**What you need to do:** Only the lines from the one containing "Moradia T6 para" through the final line below belong in the output, copied exactly and without pictures.

--------------------------------------------------

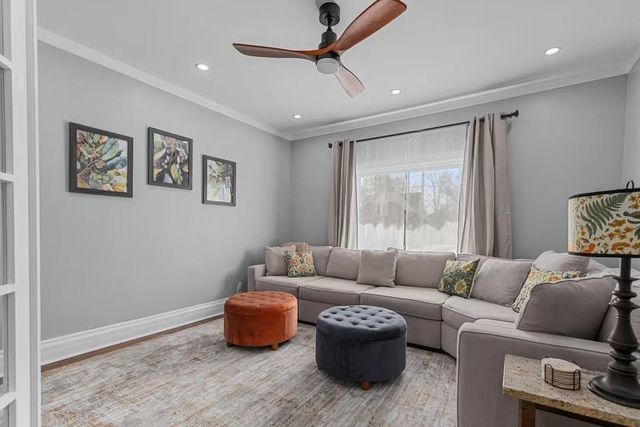 324 E COMMERCIAL STREET, Appleton, WI 54911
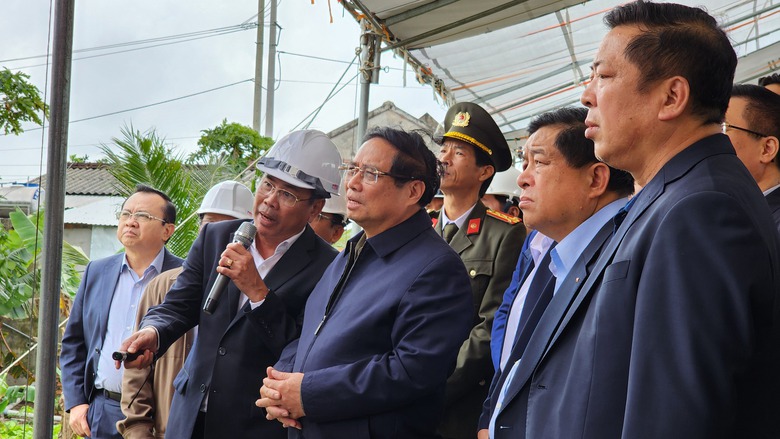 Thủ tướng: "Qua s&ocirc;ng bắc cầu, qua ruộng đổ đất" l&agrave;m nhanh đường ven biển- Ảnh 3.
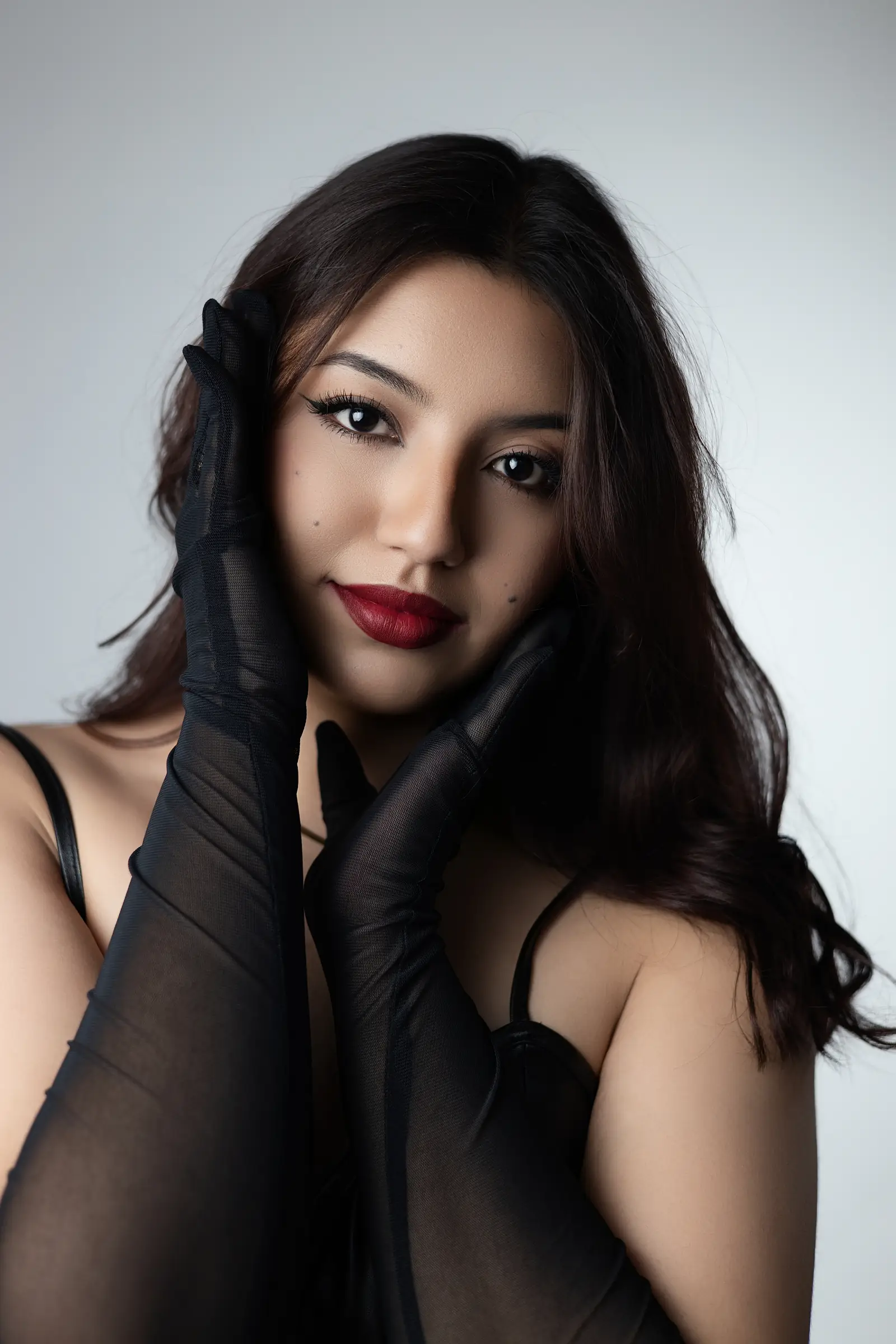 Retrato de estudio con guantes de malla negros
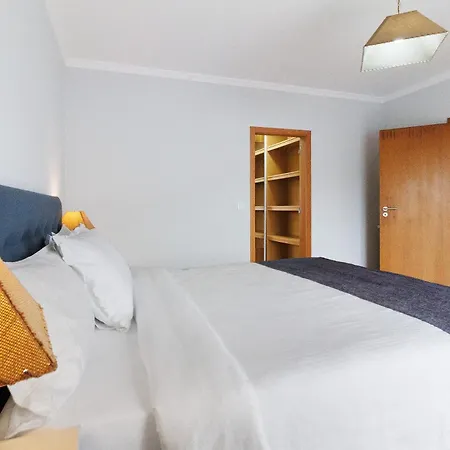 別荘 Vivenda Sol E Mar Gafanha da Nazaré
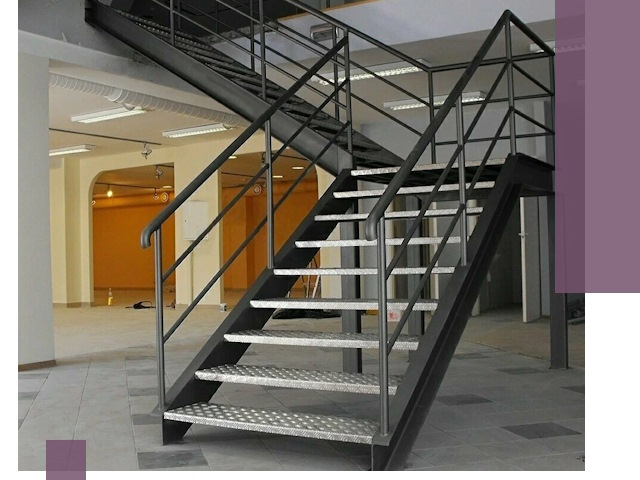 Лестницы для офиса в Омске: изготовление, монтаж, демонтаж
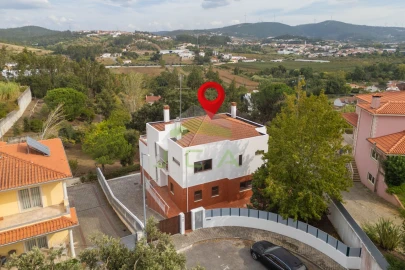 Moradia T6 para Venda em Leiria, Pousos, Barreira e Cortes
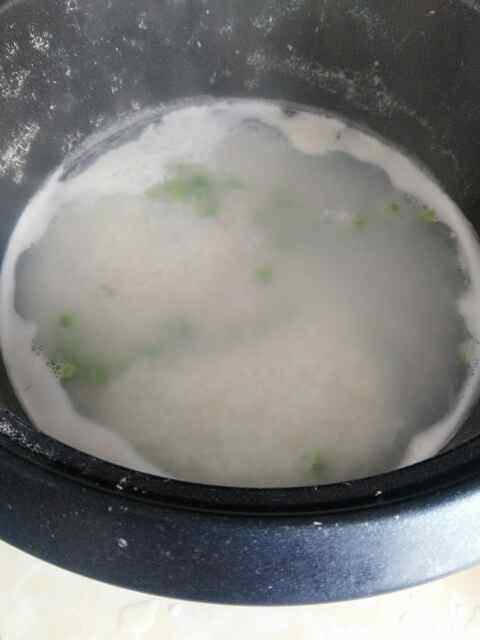 豌豆瘦肉粥步骤6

--------------------------------------------------

**Output:**
 Moradia T6 para Venda em Leiria, Pousos, Barreira e Cortes
 豌豆瘦肉粥步骤6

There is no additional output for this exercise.